= Beginning of Section =

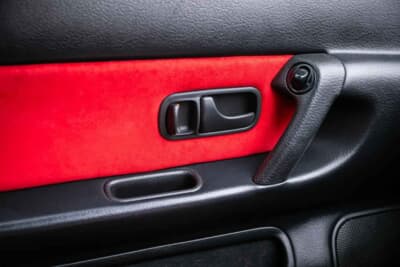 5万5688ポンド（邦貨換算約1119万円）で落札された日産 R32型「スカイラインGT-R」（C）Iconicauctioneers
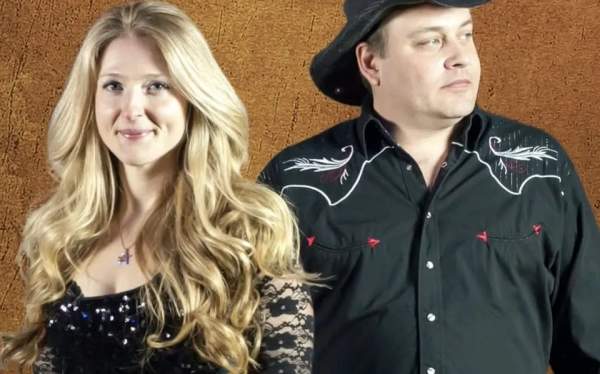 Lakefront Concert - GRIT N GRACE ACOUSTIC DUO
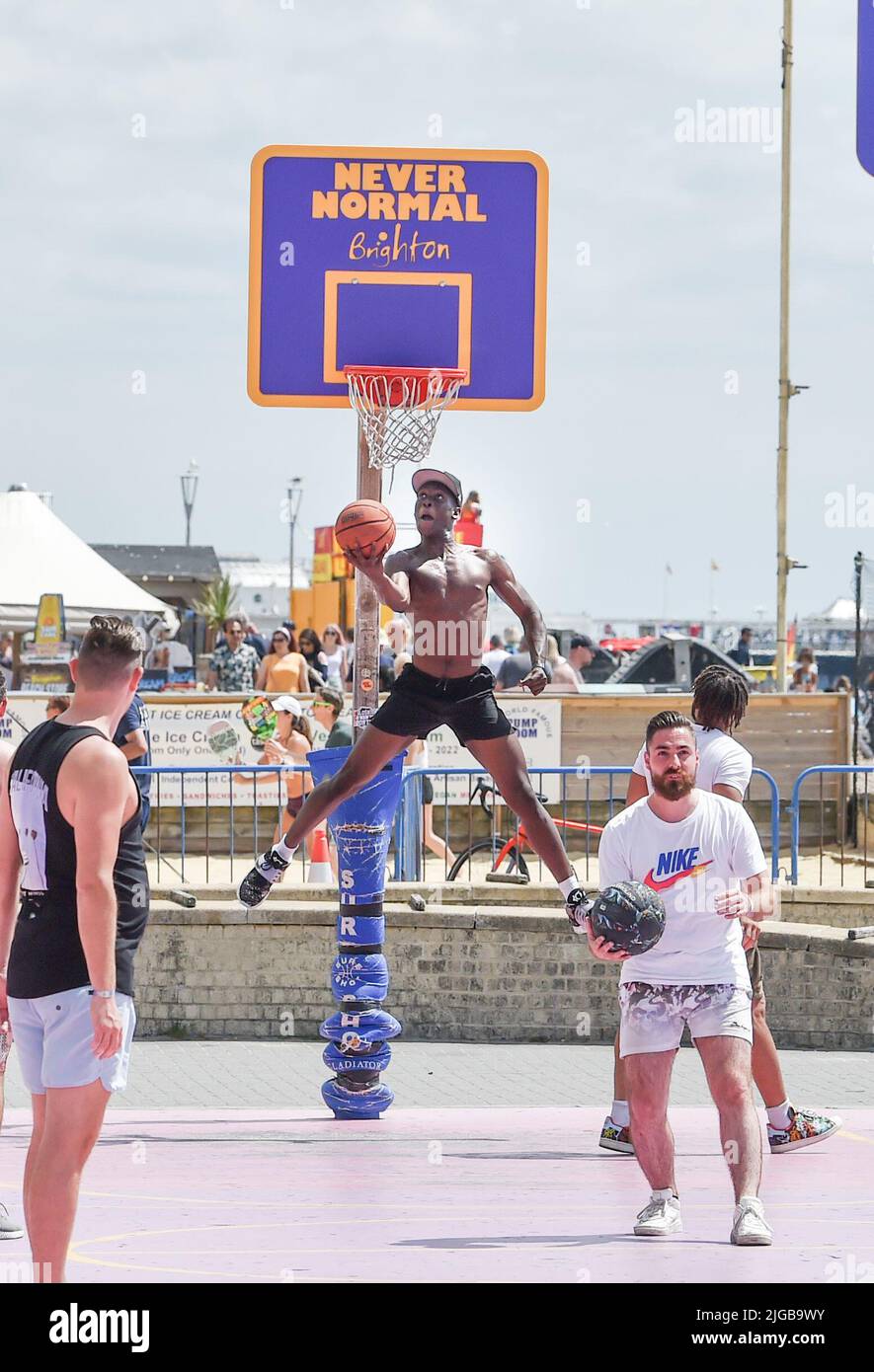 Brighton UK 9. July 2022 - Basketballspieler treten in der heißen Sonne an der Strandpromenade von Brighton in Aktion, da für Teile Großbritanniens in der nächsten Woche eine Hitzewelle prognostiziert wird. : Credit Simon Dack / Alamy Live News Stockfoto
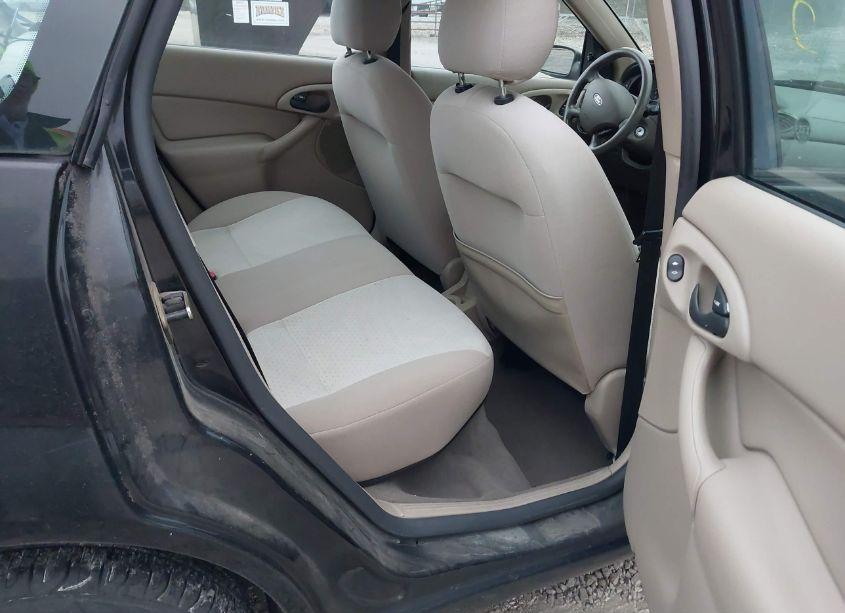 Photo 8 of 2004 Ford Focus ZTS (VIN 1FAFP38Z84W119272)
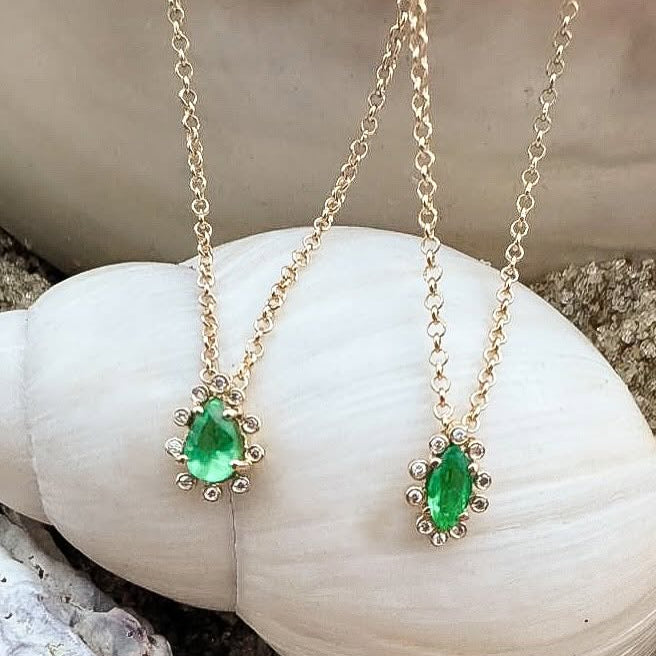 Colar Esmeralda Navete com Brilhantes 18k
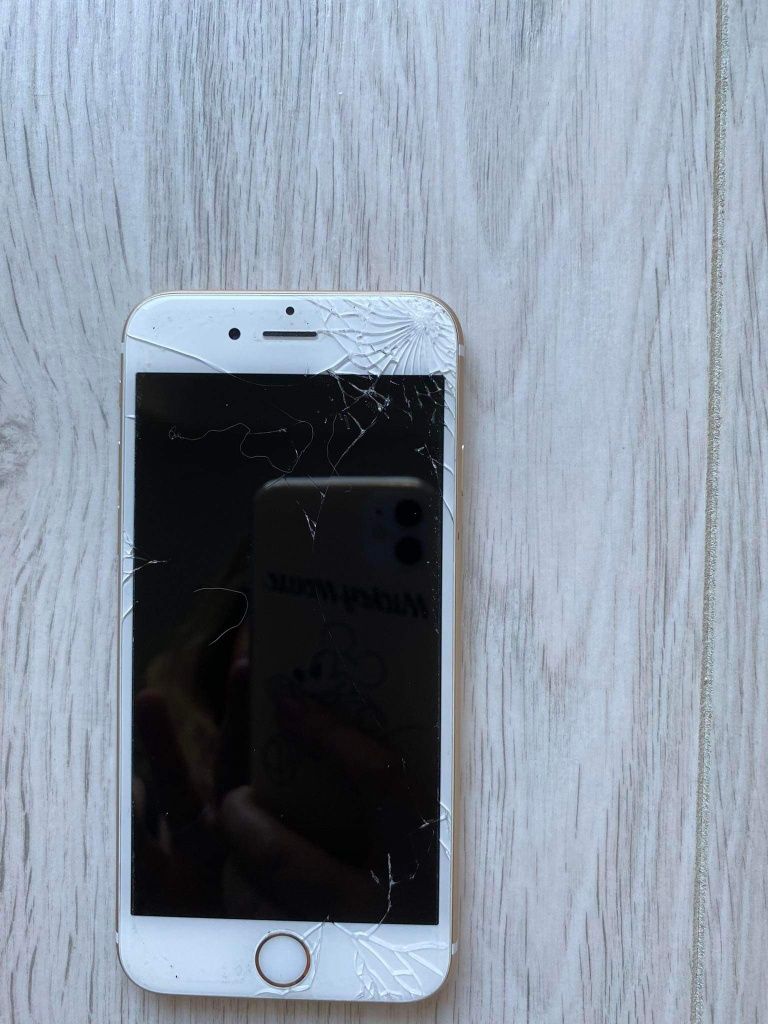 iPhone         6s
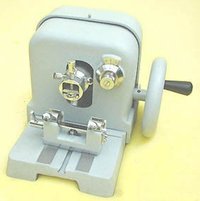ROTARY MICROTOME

= End of Section =

Would you retype all the material above exactly, apart from its pictures?

ANSWER TO THIS EXERCISE
 5万5688ポンド（邦貨換算約1119万円）で落札された日産 R32型「スカイラインGT-R」（C）Iconicauctioneers
 Lakefront Concert - GRIT N GRACE ACOUSTIC DUO
 Brighton UK 9. July 2022 - Basketballspieler treten in der heißen Sonne an der Strandpromenade von Brighton in Aktion, da für Teile Großbritanniens in der nächsten Woche eine Hitzewelle prognostiziert wird. : Credit Simon Dack / Alamy Live News Stockfoto
 Photo 8 of 2004 Ford Focus ZTS (VIN 1FAFP38Z84W119272)
 Colar Esmeralda Navete com Brilhantes 18k
 iPhone         6s
ROTARY MICROTOME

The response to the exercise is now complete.